Before we hit you with the data, here’s a brief summation of some of PaperCut’s ‘tree-saving’ features as it were:
- Secure print release – When a user’s print job is sent directly to the printer, there’s ample time for the user to forget or not collect their paper, which sometimes leads to the user even printing again.
This wastes toner and precious trees. Secure print release is more than a security feature. Demanding authentication before spitting out a print job eliminates that pile of uncollected documents sitting next to the printer.
- Print quotas – Accountability means no frivolous printing. Enforcing a printing allowance with print quotas means users are personally responsible for why and when they print.
This is especially helpful in education where students and departments have a set budget that curtails wastage.
- Print policies – Some printing environments have the best-laid intentions of implementing print rules, but this pop-up system prompts users right at the interface to double-check sensible practices.
This can include suggesting better options or recommending a more economical printer for large jobs. Print Policies can also enforce environmentally friendlier options and convert atypical jobs like emails.
- Print filters – PaperCut NG/MF offers two types of filters: conversions and restrictions. Users can be encouraged at the time of release to convert to duplex and greyscale, which they can easily change themselves. Or the option can be automatic, courtesy of the aforementioned print policies.
After converting an initial time, users are immediately presented with their savings to encourage future use of the feature. With restrictions, a user can automatically delete duplicate print jobs where a print job has been accidentally queued multiple times.
How many trees has PaperCut saved?
Alright, you’ve stuck with us this long (assuming you are still reading). Let’s get to the definitive answer…
To figure this out we looked at our data pertaining to features that stopped or reduced pages being printed.
That would be our Hold/Release functionality, which requires jobs to be authenticated before printing.
So we’ll combine those data sets to calculate how many sheets of paper we’ve saved. We’ll then reverse engineer the data into how many trees that is, based on Soder’s calculations.
Across all PaperCut customers, Hold/Release has held back 3,415,929,026 sheets. Of that 3.4 billion held, only 1.063 billion were released, this gives us a total of 2.337 billion sheets saved.
Divide that by 8,333 sheets and we get 280,451 trees!
To date, our PaperCutters all around the world have saved 280,451 trees.
Now, a word on this number…
This is an estimated figure, but a conservative one.
We do have data to go off, but we can’t pinpoint exactly how many pages have been held, and also pages converted to a duplex. We don’t have all that data. But the good news is, that means there are sheets held and converted unaccounted for. So the true, true numbers are likely much higher.
I say likely because, as I was saying earlier, calculating how many sheets of paper one tree produced isn’t an exact science.

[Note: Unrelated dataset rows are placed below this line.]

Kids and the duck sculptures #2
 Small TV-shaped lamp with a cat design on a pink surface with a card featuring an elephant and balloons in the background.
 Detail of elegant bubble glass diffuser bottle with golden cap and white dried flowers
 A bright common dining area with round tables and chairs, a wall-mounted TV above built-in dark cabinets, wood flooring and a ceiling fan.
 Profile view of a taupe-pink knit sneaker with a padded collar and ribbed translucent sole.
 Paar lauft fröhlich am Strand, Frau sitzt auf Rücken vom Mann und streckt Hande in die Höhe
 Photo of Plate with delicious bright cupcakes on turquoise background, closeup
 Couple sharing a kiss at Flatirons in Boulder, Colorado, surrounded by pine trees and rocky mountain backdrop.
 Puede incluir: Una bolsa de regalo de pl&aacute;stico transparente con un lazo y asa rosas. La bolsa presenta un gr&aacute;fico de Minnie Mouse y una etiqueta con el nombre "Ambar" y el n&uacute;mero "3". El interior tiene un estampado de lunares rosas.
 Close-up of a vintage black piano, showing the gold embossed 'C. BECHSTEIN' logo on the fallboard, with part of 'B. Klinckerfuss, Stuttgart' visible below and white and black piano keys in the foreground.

Or at least, the exact science that we have found is an old study, but that leads us to our main point.
Eliminating waste is the foundation of PaperCut. Sustainability is one of the core values in our vision for the future.
End of the day, we be saving some trees, yo. The numbers are hard to nail down. But one thing we can say with absolute certainty is that we are eliminating wasteful printing.
As an extension of our tree saving efforts, earlier this year, we also entered the tree growing business. With our ongoing support of Carbon Positive Australia, for every PaperCut license purchased, we plant a tree.
Thanks for the great article! This is incredibly good news. We have a collective responsibility to take care of the environment, and KDI is proud to partner with a company like PaperCut that prioritizes reducing paper use, thereby keeping up with environmental global concerns.